CUNEO - Perché su Cuneodice.it non troverete mai il racconto di un funerale

In un mondo in cui l'informazione è sempre più livellata verso il basso, rinunciamo volentieri a qualche visualizzazione per tentare di restituire ai familiari del defunto l'intimità dell'ultimo saluto

Samuele Mattio 11/07/2018 14:24

Negli ultimi giorni più di un lettore ci ha chiesto come mai sul nostro sito non si trovano le cronache dei funerali. Per chiarezza e trasparenza ci troviamo a rendere pubblica la risposta che abbiamo dato. 
 
Siamo fermamente convinti che il diritto di cronaca abbia dei limiti, anche quando non palesemente espressi. In questo caso i limiti sono rappresentati dalla decenza e dal rispetto.
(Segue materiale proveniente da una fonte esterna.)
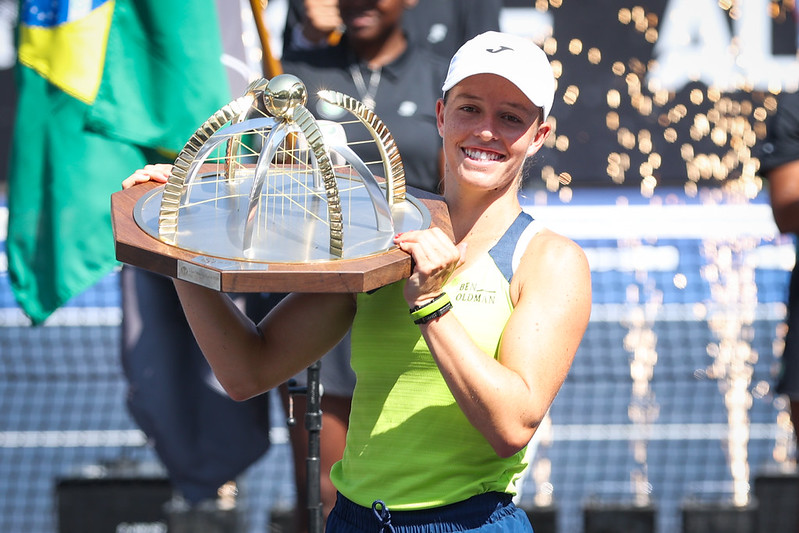 Kaitlin Quevedo com o troféu.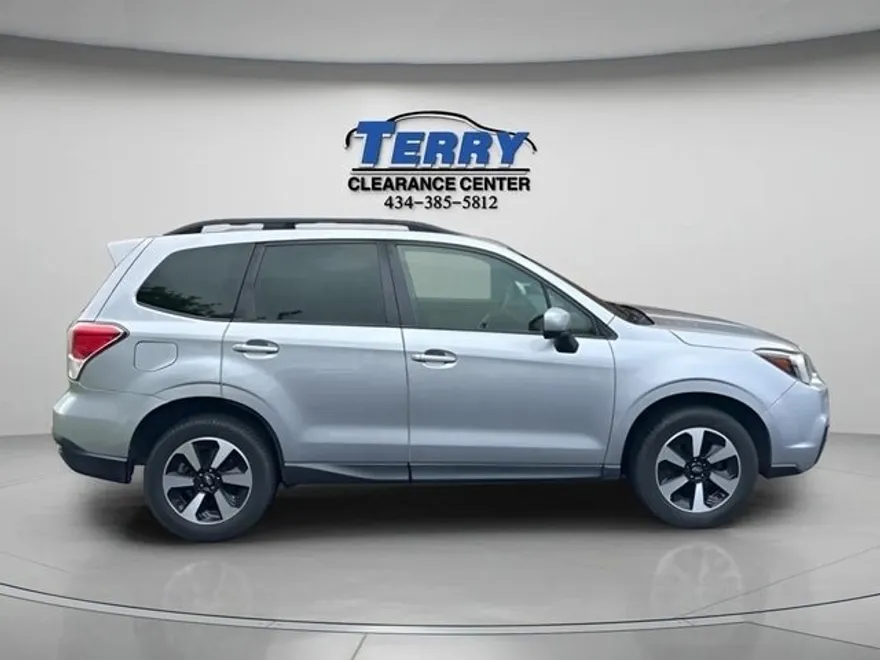 2017 Subaru Forester 2.5i Premium photo 1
L’indugiare con una telecamera o con una macchina fotografica su un uomo o una donna sconvolti dalla perdita di un caro rendendo pubblico un momento che dovrebbe restare privato, non fa parte del nostro modo di vivere e concepire il giornalismo. Diverso è il caso delle esequie di un personaggio pubblico, ma qui urgerebbe un'ulteriore approfondimento sul significato di queste due parole.
 
 
La missione che ci siamo dati è quella di fornire con umiltà un’informazione il più puntuale possibile per quanto riguarda questo lembo di terra ‘ai confini dell’impero’. A nostro modo di vedere fare ‘informazione’ significa raccontare ciò che è accaduto nel corso della giornata. Se la tragedia della morte di un essere umano e la data dei funerali sono una notizia di interesse pubblico, a nostro modesto parere il racconto delle esequie non lo è.
 
In un mondo in cui il livello, specie quello dei giornali online è sempre più livellato verso il basso, rinunciamo volentieri a qualche visualizzazione per tentare, con un piccolo gesto, di restituire ai familiari dei defunti l’intimità dell’ultimo saluto. 
 
Ovviamente queste righe non vogliono essere motivo di polemica con chi fa, ha fatto, e continuerà a fare altre scelte (e che magari ha più seguito e più autorevolezza di noi), ma ambiscono invece a far riflettere su un mondo in cui il 1984 di orwelliana memoria è passato da 34 anni. Chiudiamo con la convinzione che, a volte, il silenzio valga più di mille parole.